Think positive thoughts!

Moods

I’ve been asking my fellow Saturday Writer friends to challenge me. They have taken up that challenge…to challenge. Me.

The idea was for each of us, once a month, to come up with a prompt – anything, a picture, a sentence, song, smell – and write a short story based on that prompt.

The first prompt was a picture of a little girl in a red dress sitting in a field of ivy. I studied it, tried to read the face of the girl and see what she was thinking – you know, deep profound writerly stuff – and came up dry. I decided to dream up my story by some other means. Keep in mind that anything I dream up is going to turn out a little twisted. That’s just how my brain works. The girl in the picture was sweet, angelic and innocent. My story was not.

The second prompt was a sentence, a quote. Alone, it didn’t seem significant, just an idle quote about relationships. Hmm. Again, twisted brain goes into action…out pops a story about a “black widow” woman collecting the bodies of her ex boyfriends in a web in her basement.

Third prompt was the theme song from Dark Shadows. Not everybody is familiar with the classic vampire soapie from many, many, many….many, many years ago but those who are can hear the song in their heads right about now. I didn’t want to do anything vampirish. That would be too cliche, but I couldn’t get the image of a creepy gothic mansion out of my head. The story ended up being about the mansion as the main character…a living, breathing character. That was fun to write.

So, at this month’s meeting I told my fellow writers to really challenge me this time. I’m beginning to think they don’t love me anymore. What they gave me this time is going to be hard. They had that evil gleam in their eyes when they gave it to me…yep, they want me to fail this time. I can’t let that happen. They will not beat me!

What is the prompt this time?

It’s two-fold.

Porcupine quills and a lilac bush.

Seriously.

What the heck am I going to do with that?

Oh, wait a minute…I think I’ve got something. Hmm, can you kill somebody with a porcupine quill? And if you buried their body under a lilac bush, will it hide the smell of decaying flesh?

Naw, I’ll keep thinking. I’ll come up with something.

Lilac bush…porcupine…do the two even live in the same region of the country together?

Who’s idea was this? I definitely think they don’t love me anymore.

Just write

I’m not a published author…yet.

I’m doing everything in my power to change that situation. I’ve belonged to writer’s groups to network and hang out with fellow writers – it’s good to know others who share my affliction. I belong to National organizations. I do the Facebook thing, love the Facebook thing. Groups are good. Networking is good.

I read all the how-to-write books I can get my hands on: how to write fiction, how to write description, how to sell your book, how to write winning query letters, how to find an agent, how to…how to…how to.

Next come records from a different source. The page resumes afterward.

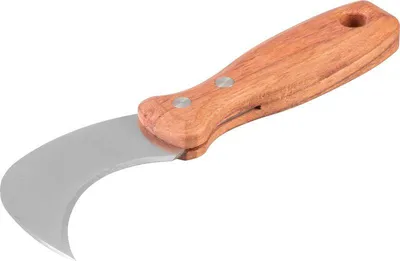 Produktbild von Messer Strend Pro Premium, für Linoleum und Teppiche, Edelstahl, Holzgriff, 75 mm
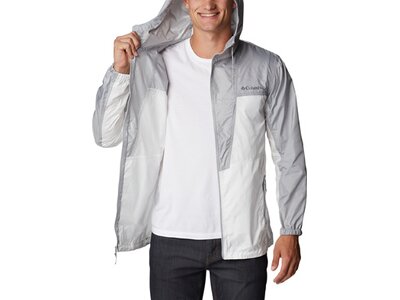 COLUMBIA Herren Schlupfjacke Trail Traveler Windbreaker Weiß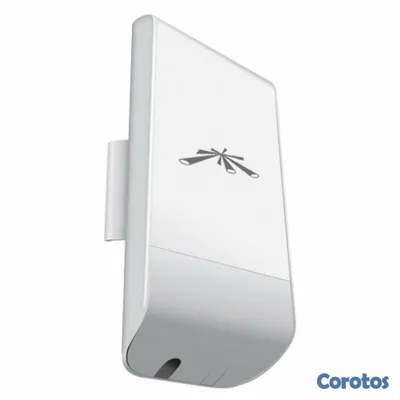 computadoras y laptops - ACCESS POINT UBIQUITI NANOSTATION LOCO M2 INDOOR OUTDOOR 2.4GHZ 150 MBPS+ 8DBI C 2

These – I’m thinking – may not be so good. Sure, they give you information and if you’re a reasonably intelligent individual you find a way to weed through that information-overload for stuff you can actually use. Keep in mind that there are a LOT of so-called experts out there eager to tell you the right way to do everything imaginable. Maybe it worked for them. Might not work for you.

I’ve decided to try a different tactic. I just need to write! I need to park my butt in my chair and write….gosh darn it! I am a high stress person and don’t deal well with aggravation and missed goals. I’ve spent a lot of time lately reading all those how-to books, meanwhile stalling in my actual writing. I tell myself, “I’ll just finish reading this book, it will help me be a better writer…” but you know what? I’m still not published!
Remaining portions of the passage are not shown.